#### [Goal of the exercise]
The required output is the lines from the one with "Kastelruther Spatzen - DolomitenSchatz" through the end of the data, repeated verbatim, with no pictures included.

BEGIN Data block

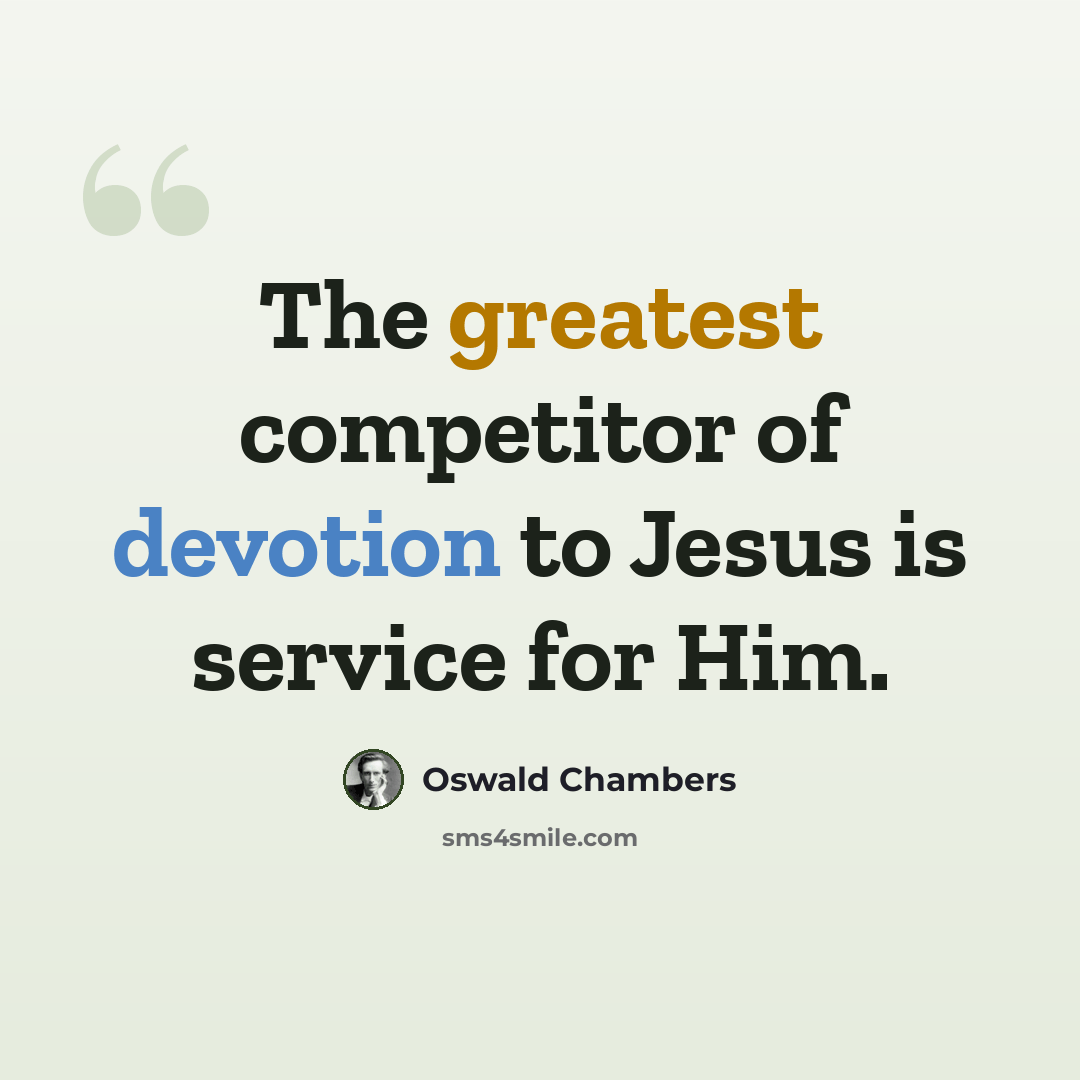 “The greatest competitor of devotion to Jesus is service for Him.” quote by Oswald Chambers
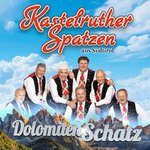 Kastelruther Spatzen - DolomitenSchatz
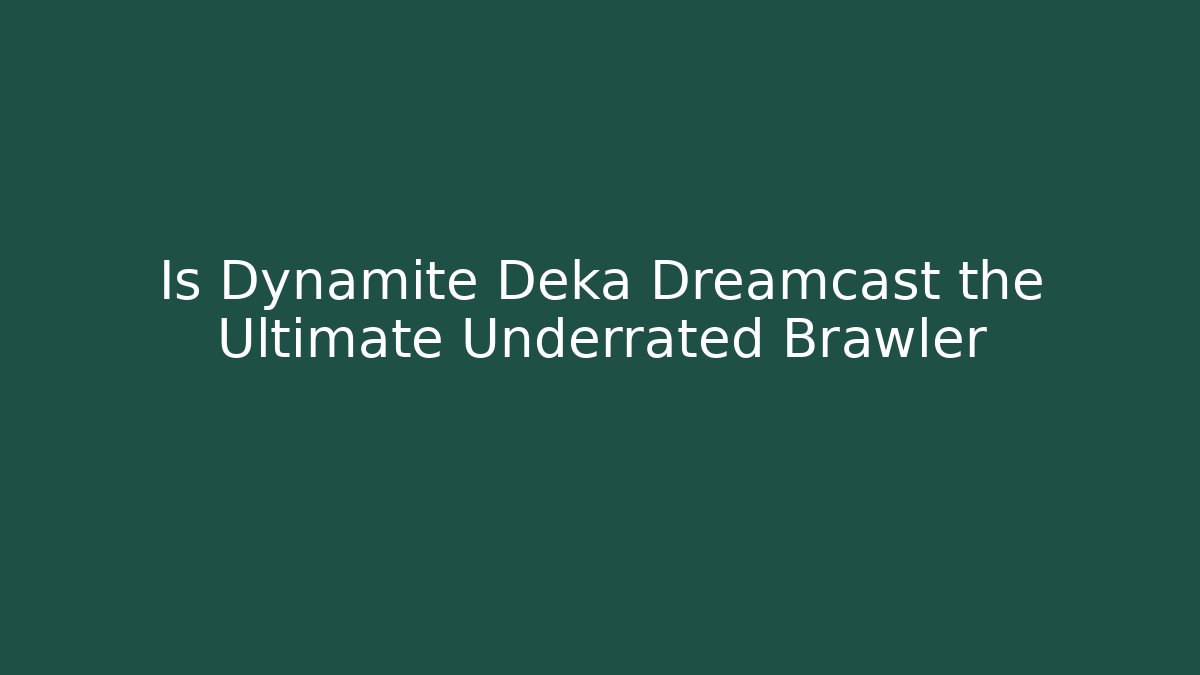 Is Dynamite Deka Dreamcast the Ultimate Underrated Brawler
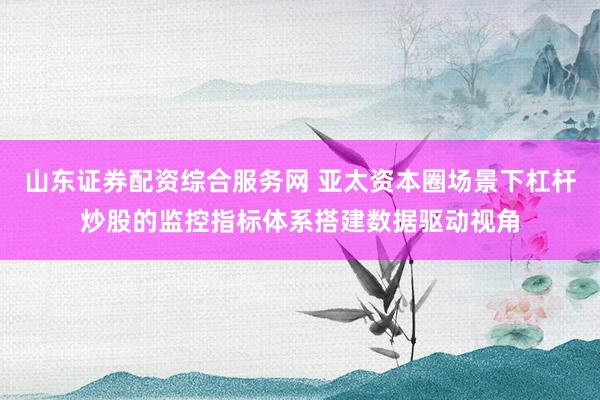 山东证券配资综合服务网 亚太资本圈场景下杠杆炒股的监控指标体系搭建数据驱动视角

END Data block

#### [Solution to this problem]
 Kastelruther Spatzen - DolomitenSchatz
 Is Dynamite Deka Dreamcast the Ultimate Underrated Brawler
 山东证券配资综合服务网 亚太资本圈场景下杠杆炒股的监控指标体系搭建数据驱动视角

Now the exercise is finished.